Na concentração frente ao portão principal da Fábrica do Inglês foi aprovada por aclamação a moção que a APAI já tinha aprovado na recente Jornada de Arqueologia Industrial, e que considera que «o que está a acontecer, hoje mesmo, ao Museu da Fábrica do Inglês, em Silves, é o que há de mais ignóbil na política patrimonial portuguesa contemporânea».
«No momento em que Portugal – o maior produtor de cortiça a nível mundial – busca novas formas, parcerias e mercados com o objetivo (unanimemente reconhecido) de um significativo e militante desenvolvimento económico que se deseja auto-sustentado, permitir a destruição de um museu referencial e premiado internacionalmente, pertencente à museologia portuguesa de feição industrial e a todos os títulos paradoxal, kafkiano, logo absurdo», leu Jorge Custódio, presidente da APAI, às sete dezenas de pessoas que se manifestaram pela defesa do património.
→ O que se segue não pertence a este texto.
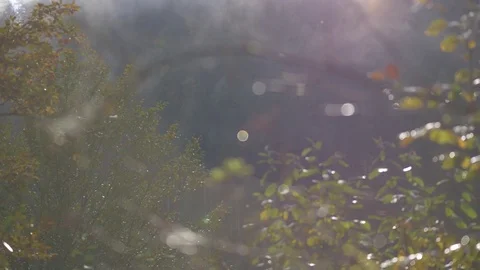 Autumn forest view Video stock 81438496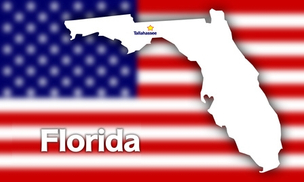 state florida custody laws.jpg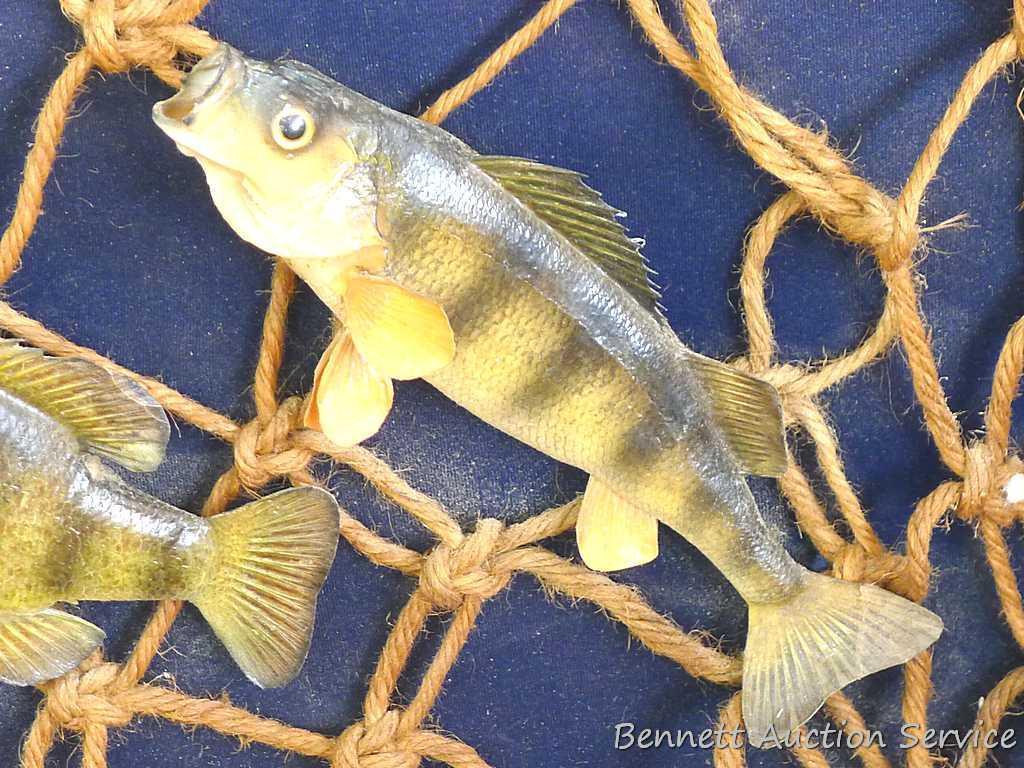 Large wooden fish mount display wall hanging. Display measures approx.. 29" x 26" x 6".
Entre os participantes estiveram o presidente da APAI Jorge Custódio, os membros da direção do ICOM Portugal José Gameiro e Dália Paulo, o vice-presidente e a vereadora da cultura da Câmara de Silves, bem como Luís Raposo, anterior diretor do Museu Nacional de Arqueologia e ex-presidente do ICOM Portugal.
Na concentração, estiveram representantes dos museus de Portimão, Loulé, Albufeira e de Arqueologia de Silves, entre muitos outros participantes. Um deles era, curiosamente, um membro do Grupo Nogueira, que não se deu a conhecer nem fez qualquer intervenção. limitando-se a assistir, em silêncio, ao que ia sendo dito.
Esta foi, segundo a convocatória da concentração, uma jornada de «informação e repúdio», realizada numa altura em que está em curso «o processo de desmantelamento para venda dos equipamentos da chamada “Fábrica do Inglês”, em Silves».